E’ uscito il primo numero del 2017 della nostra rivista Babel: “La partecipazione conta!”. Si tratta per noi di un numero molto speciale e ci sta particolarmente a cuore perché va a toccare un tema che è elemento fondante dell’azione di COSPE. Il principio della partecipazione infatti riguarda la nostra stessa identità di associazione, di organizzazione della società civile italiana ed europea ma anche la modalità di relazione con tutti gli stakeholder e le scelte che orientano la definizione, gestione e valutazione dei progetti di cooperazione.

Mettere al centro la partecipazione vuol dire infatti ricercare una coerenza tra i principi e la vita lavorativa e associativa interna di COSPE, vuol dire attenzione a costruire relazioni con i partner che sappiano rispettare e mettere a valore le diversità, che siano trasparenti nella loro gestione garantendo ruoli e meccanismi chiari di condivisione delle scelte strategiche e operative; vuol dire anche cooperare coinvolgendo tutte le organizzazioni, istituzioni e persone che ne sono coinvolte, in modo da assicurare una reale efficacia e impatto delle iniziative, senza temere di riprogrammarle o cambiarle quando necessario.

Ma la scelta di mettere al centro la partecipazione è anche frutto di una visione politica e strategica che parte da un’analisi della fase storica che stiamo vivendo e si riflette poi nella scelta di precise priorità tematiche e di azione. Riteniamo infatti che la cooperazione debba incidere su cambiamenti di lungo periodo. E la forza del cambiamento è data da cittadini e cittadine che si mettono insieme per obiettivi comuni e per dialogare con le proprie amministrazioni.

Unico antidoto per contrastare la limitazione nel riconoscimento o nell’esercizio dei diritti umani, contenere e regolamentare corruzioni, malaffare o semplicemente le spinte degli interessi particolari e speculativi.
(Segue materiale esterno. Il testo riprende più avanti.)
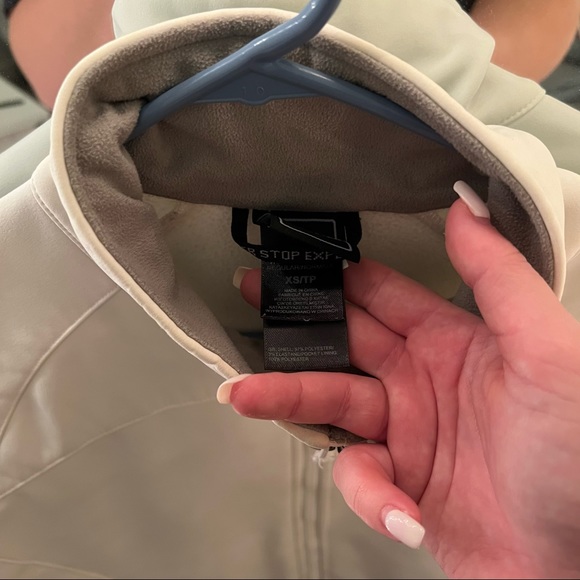 North Face Soft Shell Jacket - Picture 2 of 3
I progetti che COSPE cerca di sostenere vanno dunque in questa direzione, di rinnovare la consapevolezza collettiva e difendere il principio del governo condiviso, che sia nelle politiche di sviluppo rurale o nell’amministrazione pubblica, nella pianificazione urbanistica o nella gestione delle risorse naturali.

Questo numero corre dunque lungo varie esperienze, vicine e lontane, dal quartiere accanto alla nostra sede di Firenze fino alle estremità dell’Africa o dell’America Latina, per offrire sguardi da angolature diverse di tentativi e successi, di pratiche innovative, progetti sperimentali, di resistenza, di attivismo cittadino o di buongoverno. Con un focus particolare sull’Ecuador dove lavoriamo con un progetto tutto incentrato sulla governance locale e l’innovazione. Ma troveret molto altro ancora: dal crowdfunding, alle community score cards, le piattaforme combact online, il click activism, gli open data, il recupero di imprese o di spazi pubblici, fino a pratiche di crowdfunding “artistico” che vi raccontiamo con ‘intervsita alla canatante Ginevra di Marco, nostra compagna di viaggio in tante avventure.